ミルテとはマートル。英国でも通りの名前になっていたりとか有名な木。
ラウレル=ローレル。月桂樹と訳せばよかったのに・・。
レモンにオレンジ、マートルにローレル・・色鮮やかな、香り高い植物が青い空に輝く、イタリア。
北の国の寒くて暗い冬に、このような土地にどれだけ憧れることだろう。
時が静止したような戦争の絵。オレンジと深緑の葉の対照が絵のアクセントになっている。
www.nationalgallery.org.uk今気づいたが、白いボールのような花はたぶんバラ。がくの部分が描き込まれている。
スーパーの配送でレモンを買ったつもりがどういうわけかベルガモットが届いた。
ふと思いついて皮を切ってお茶に入れてみた。
気を失いそうになるほどの香り。
実のほうは、少し切ってはちみつをかけたヨーグルトに入れてみたら幸せすぎた。
ベルガモットの香りといえばアールグレイの紅茶。我が家にもある。
しかしフレッシュなベルガモットときたら・・君よ知るや南の国、と口ずさみたくなる。
レモンにはない甘さ。
実はクリスマスプレゼントにレモンの木を予定していた。
21世紀のイギリス、年々夏は暑く、冬も気温が下がりにくくなりつつあって、冬場は温室でしか栽培できなかったレモンの木もこの頃は外に出したままの家もあるようになった。レモンは品種によってはほぼ一年中実がなりつづけるようで、うちの近所のレモンの木も年中黄色い実がついている。

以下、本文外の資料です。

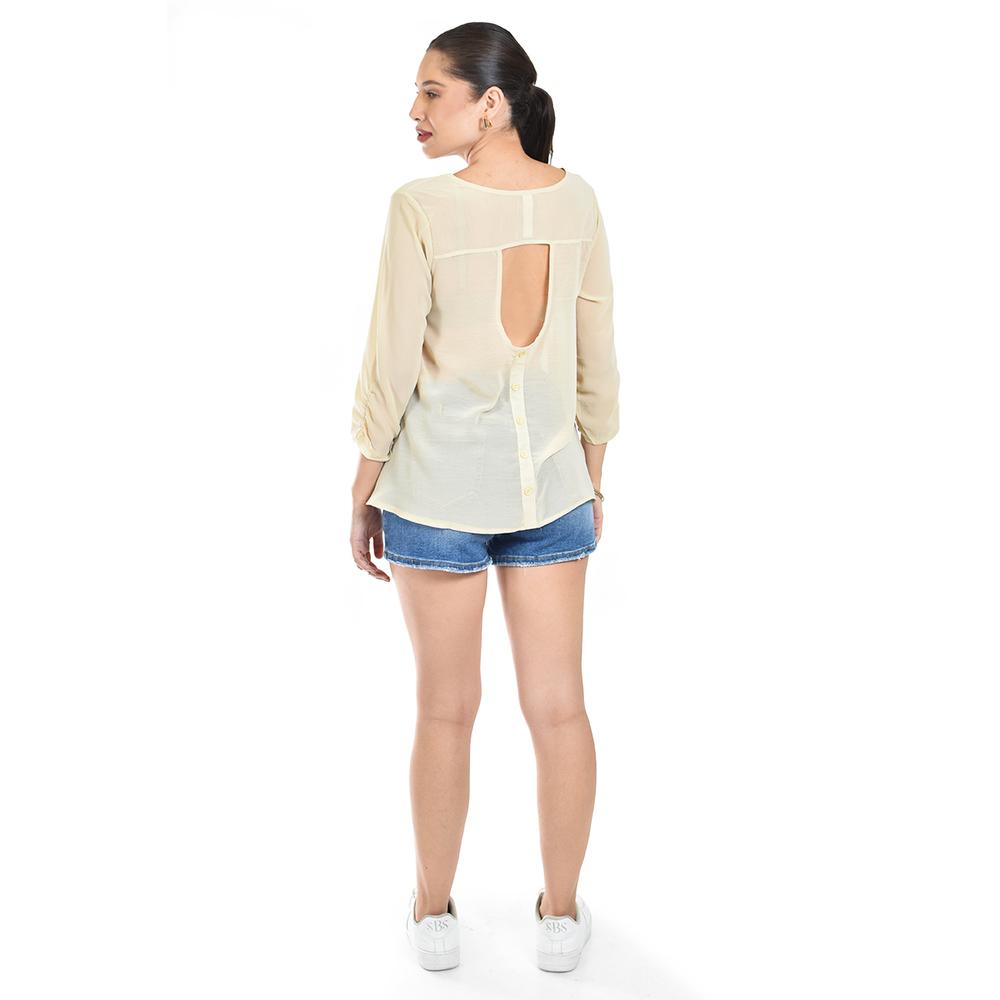 Foto 4 pulgar | Blusa Con Abertura En Espalda Roman Fashion /juvenil, 8036 (hueso) Beige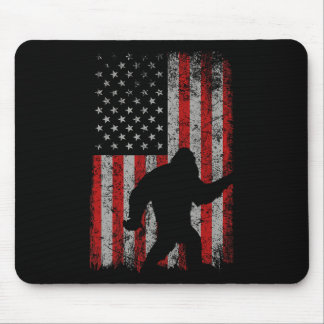 Tapis De Souris Cadeau de Sasquatch drapeau américain patriotique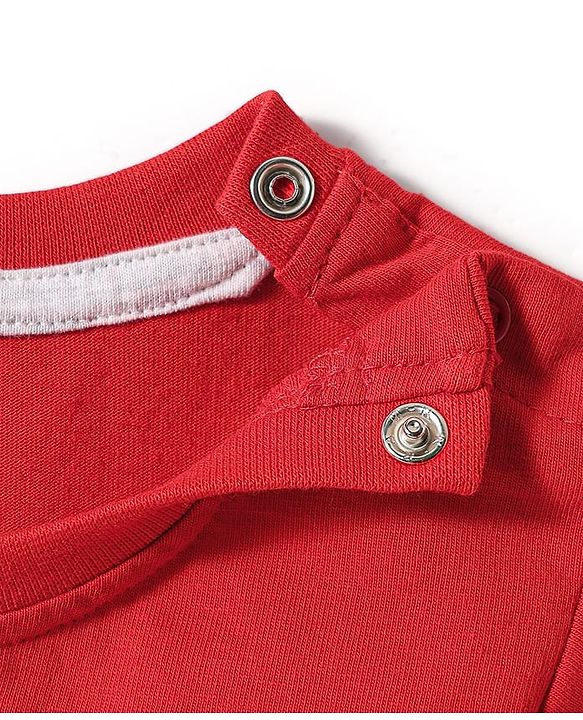 Babyhug Cotton Knit Half Sleeves T-Shirt With Its My Favourite Season Text Print - Red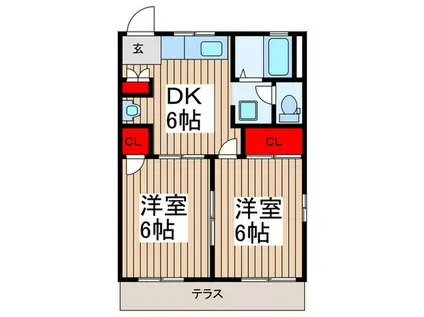 シダークレスト(2DK/1階)の間取り写真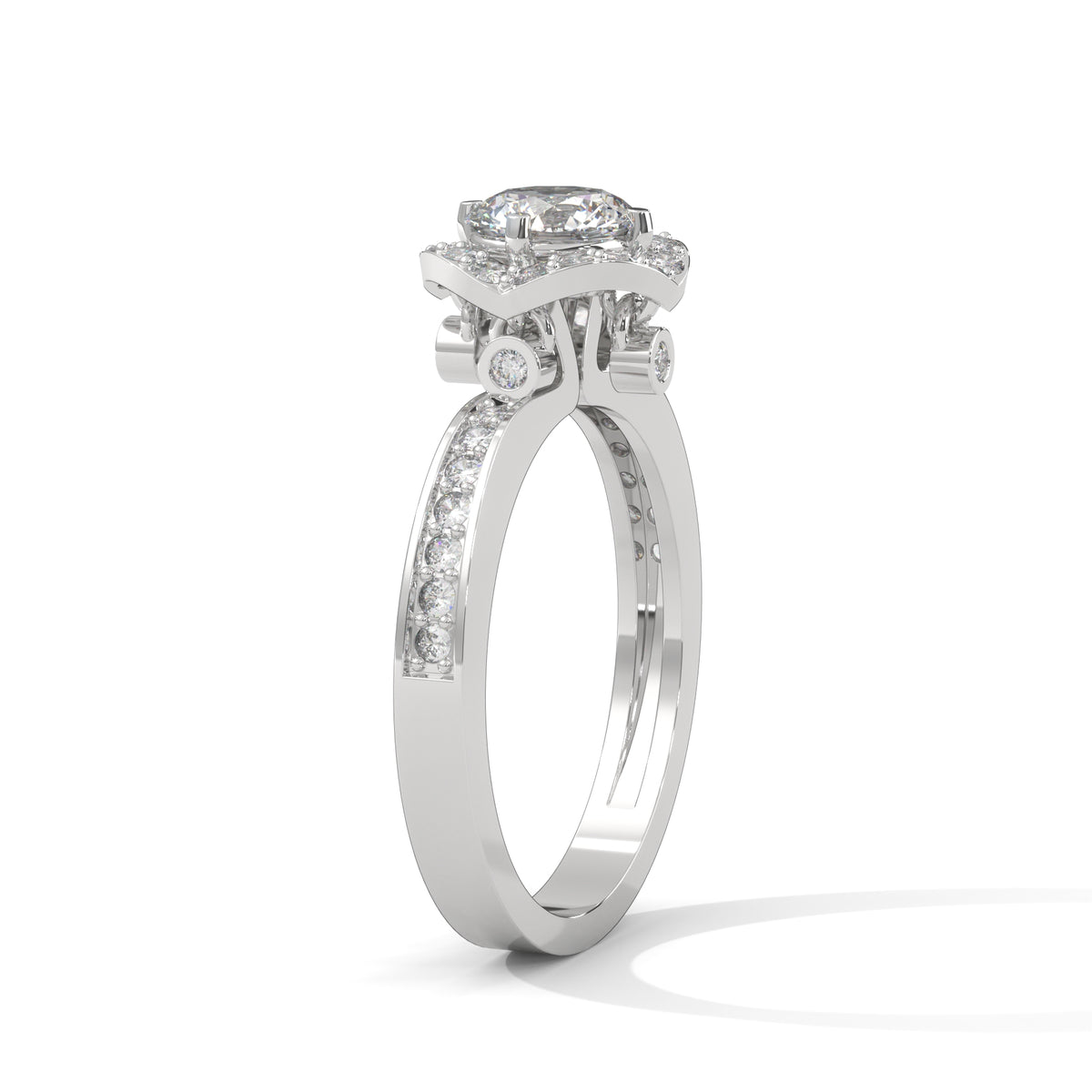 Celestial Halo Solitaire Ring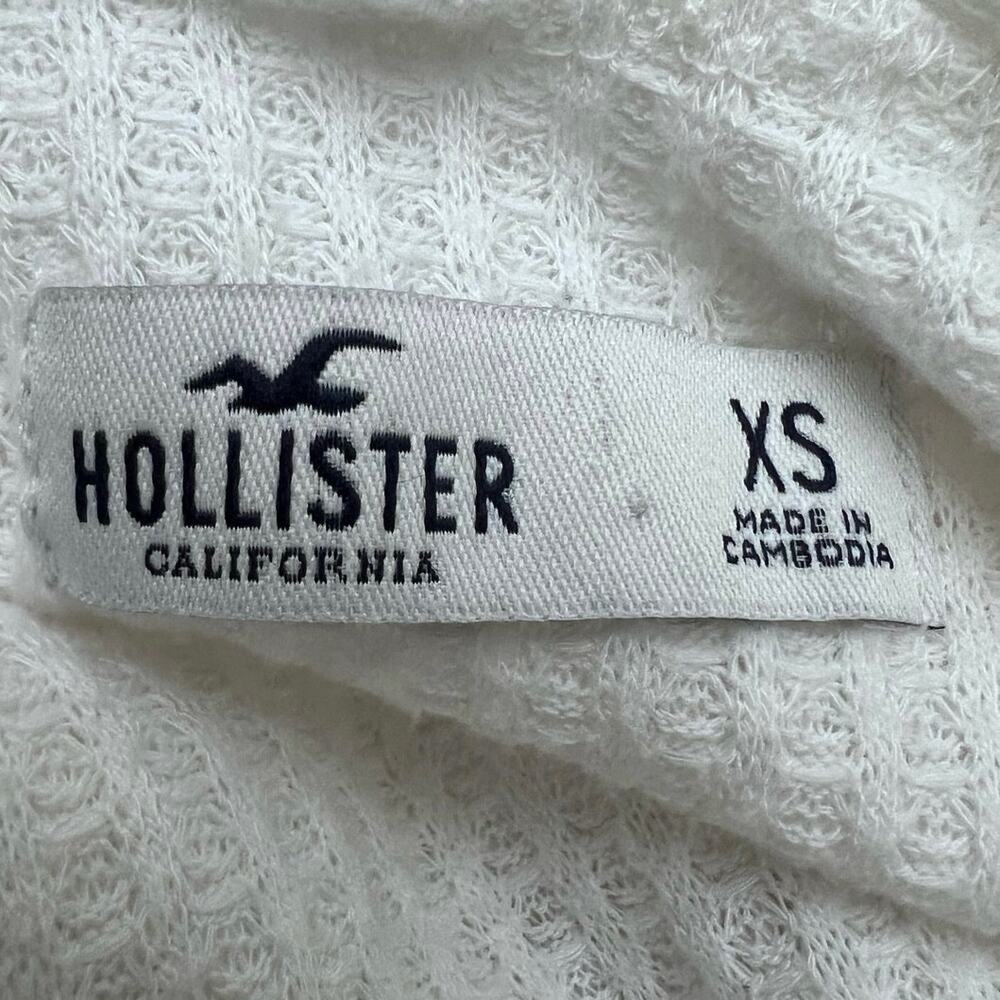 Hollister Cropped Waffle Knit Hoodie Sz XL Blue Embroidered - Picture 3 of 6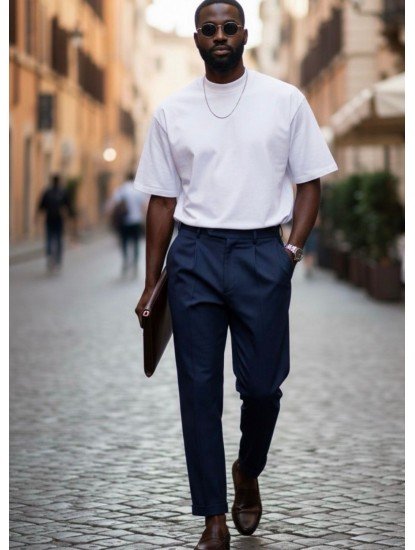 9123-MAVİ BEYAZ KISA KOL LOOSE FIT YARIM BOĞAZLI TSHİRT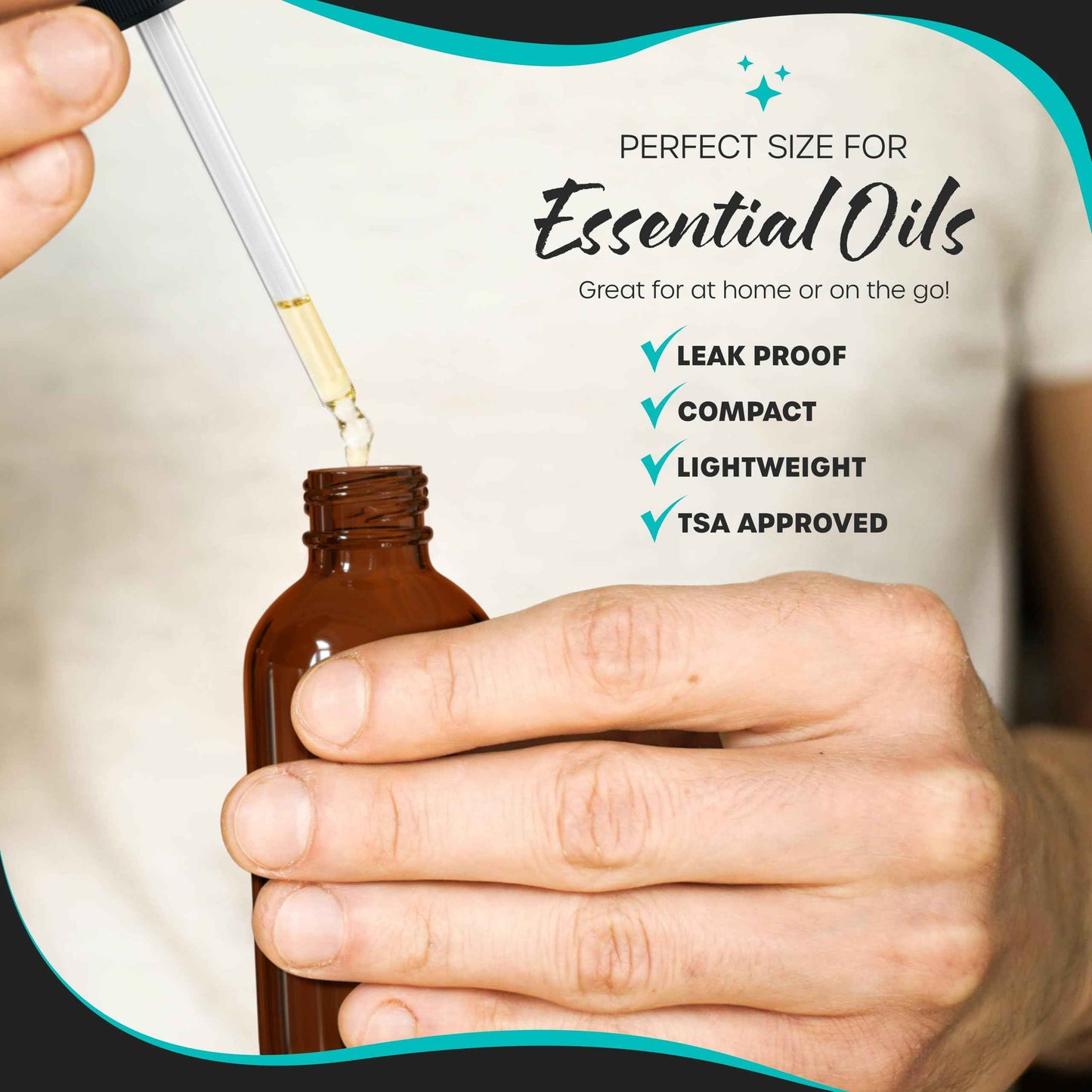 Nevlers 2 Oz Amber Glass Dropper Bottle 3 Pack | Leakproof Amber Glass Dropper Bottles with Shrink Wrap and Funnel | Oil Bottles for Essential Oils, Hair Oil, Medicine & More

オランジェリー、というのはガラスの大型温室を指す言葉で、昔貴族がオレンジやレモンの木を温室で育てて楽しんでいたところから来る。キューガーデンにもオランジェリーという、今はレストランになっているガラス張りのお部屋がある。北の国ではお金持ちの贅沢品だったのだ。
実はともかく、柑橘系植物の花のあの香りが家にあったらどんなに幸せだろう、と思って、夫に聞いてみたらあっさり許可された。花を買うというといい顔をしないが、果物や野菜など実用になればいいらしい。
それでレモンの品種を決めてほとんど注文する寸前だったのだが・・ベルガモットに変えました。
柑橘系の木は肥料も土も専用のものが必要。あと、虫との戦いがあるかも・・日本だとオレンジやレモンはアゲハの幼虫の大好物。ロンドンでは見かけないけれど、別の虫がくる。しかし実を利用するので基本的に農薬は使えない。そして日光。我が家では自動的にフロントガーデンに行ってもらうことになる。
とまあいろいろ大変そう。でも、この香りが家にあるならいいな。幸せになれる。
今もお茶を飲みながら書いているのだけど、本当に、冬を忘れる。クリスマスから新年に行ったシチリアを思い出す。マーケットで買ったブラッドオレンジが素晴らしくおいしかった。
お茶のほか、アイスクリームやお菓子などにも使える。お酒を飲む人ならカクテルや、梅酒の要領でお酒を作ることもできるだろう。
オレンジやレモンの実生は相当大変らしい。ただ挿し木はできるようなので、育てて安定してきたらやってみようかな。
・・などと逃避している場合じゃなかったよ~涙 年末の足音がひたひたと聞こえてくる。まぬ犬を抱いて南の国に逃亡したい。